The film is credited with several other accomplishments. For one, it further cemented the career of Meryl Streep, making her a bona fide solo star in her own right without needing a man to play against. It catapulted “ingenue” (does anybody still use that word?) Anne Hathaway, then only known as a teen favorite for The Princess Diaries, into adult roles eventually led to her Academy Award for Les Misérables. Behind the scenes, it was where actors Stanley Tucci and Emily Blunt met and became friends, which eventually led to Tucci marrying Blunt’s sister, Felicity, some years later.
Prada also gave the fashion industry itself some much-deserved cred beyond its fluffy externals as a gazillion-dollar business woven into the lives of anyone who has ever put on “a lumpy sweater,” to quote Streep’s Miranda Priestly in the famous “cerulean” scene where she weaves the wholly fictional (but still authentic) tale behind a particular shade of blue that illustrates to the novice assistant, Hathaway’s Andrea “Andy Sachs,” how fashion trends that start in haute couture make their way down to the discount bin of a department store basement.
And it was the ultimate Cinderella story in the bargain, especially for legions of young girls and gay boys, about the glamour, grit and sadism of the fashion industry and its attendant Big Important Magazines.
Well, not to be a downer, but that era’s pretty much gone.
The unlimited advertiser revenue of the pre-online aughts is a thing of the past, with its town cars and $300,000 cancelled photo shoots (a plot point in the movie that the publisher at Elias Clark, standing in for Condé Nast, just laughs about: “Those must have been some jackets!”). It was an era that reached its apotheosis in 2009’s documentary, The September Issue, where Wintour sliced and diced several print fashion layouts with glory days impunity.
Of course, nobody’s laughing at Condé Nast these days, after years of multi-million-dollar losses and a succession of failed CEO’s, though current leader Roger Lynch’s slimmed-down regime of merged international and U.S. editions was reported to have finally eked out a profit in 2021 (some of it coming from — gasp! — affiliate links, and subscription products like the Vogue Club, which promises behind-the-scenes access, discounts on the mag’s march and events for $30 a month.)
But more than the economics of the fashion/publishing complex wrecked by the digital revolution, the entire surrounding culture has changed as well.
In Prada, the main players are all white, with only a couple of Black characters at the margins — Andy’s gal pal Lily who runs a gallery, seen only fleetingly, played by Tracie Thoms, and the designer James Holt, played by Daniel Sunjata.
I hate to say it, that pretty much reflects the ways things were. At the magazine that gave me my start as a fashion editor in the ’80s, I don’t remember a single Black staffer. I’m not naming the publication because they were all like that. And it was much the same for the other magazines and newspapers that I freelanced for in the ’90s and beyond. Magazines, by and large, were a white industry for a white audience.

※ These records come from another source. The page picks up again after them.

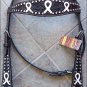 CUSTOM HILASON WESTERN LEATHER HEADSTALL BREAST COLLAR W/ BREAST CANCER RIBBON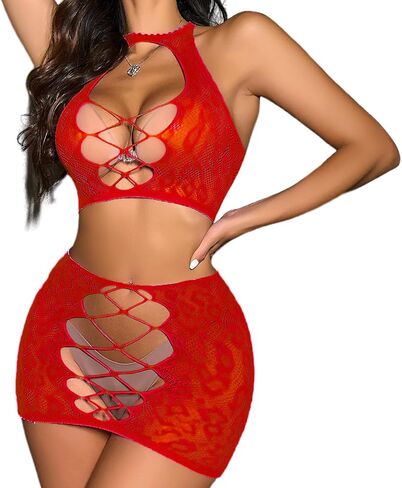 kaylle & KT Fishnet Lingerie للنساء Babydoll Mesh Chemise Bodysuit Sexy Top and Mini Skirt in Kuwait
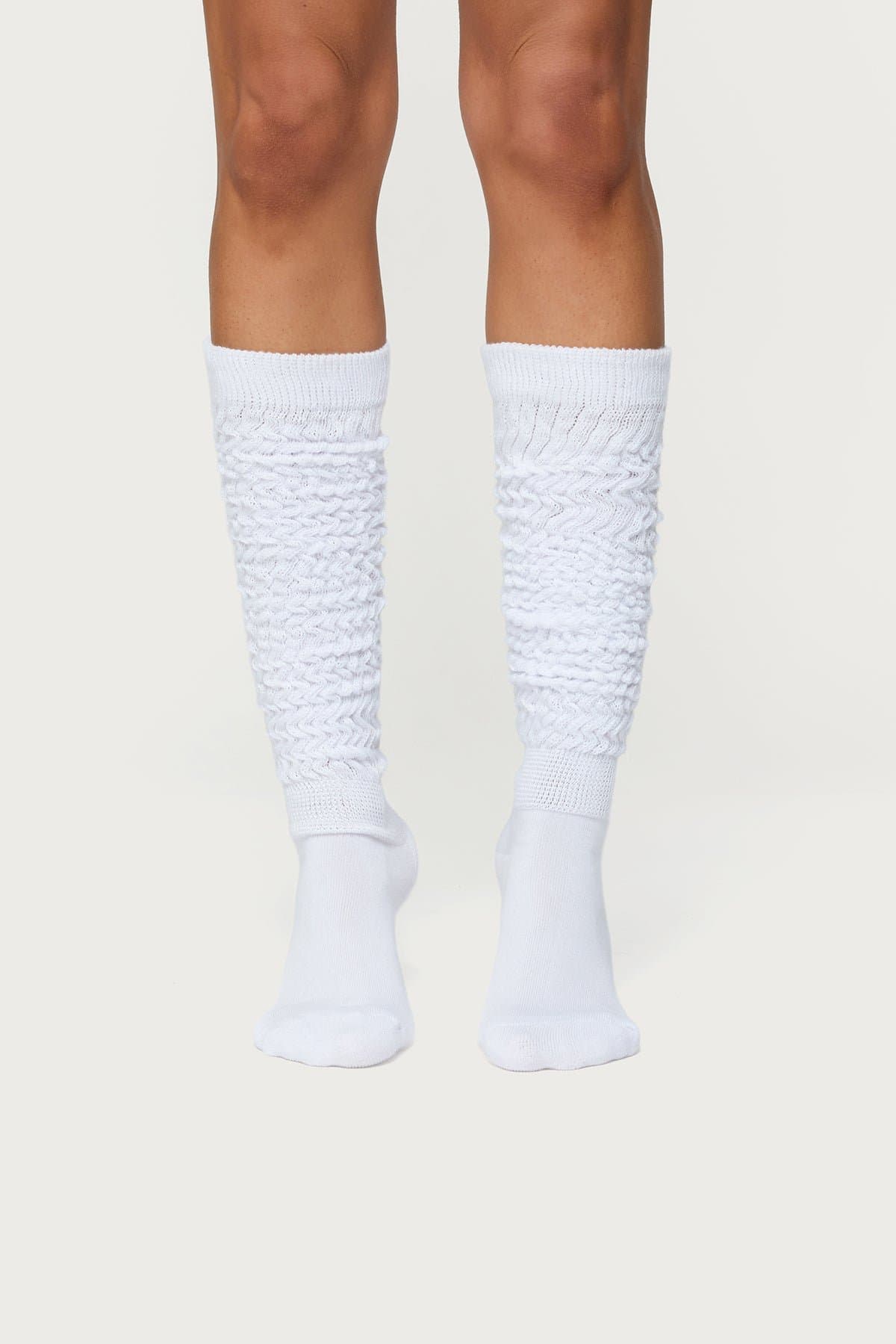 Knee High Scrunch Socks - Ribbed Knit Polyester Acrylic 29.5 Inch Length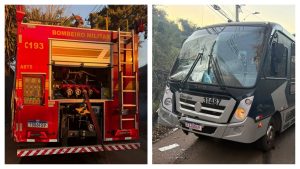 Acidente entre caminhão do Corpo de Bombeiros e ônibus em Belo Horizonte deixa quatro feridos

Tucci’s performance as creative director Nigel, as deadpan funny as he is, seems problematic now for a couple of reasons. In real life, I’m pretty sure Weisberger based the character on real-life counterpart André Leon Talley, perhaps the only pivotal Black magazine editor during the time the author spent working at Vogue.
And though Tucci’s character seems as erudite as Talley, the actor’s read on Nigel character always seemed off to me. There’s something missing, according to this gay man’s gaydar. Of course, these days, the role would probably be played by an out gay actor anyway. (Even straight Tom Hanks, in a recent New York Times Magazine interview, said he would not be able to give his Oscar-winning performance in Philadelphia playing gay, as he says, “rightly so.”)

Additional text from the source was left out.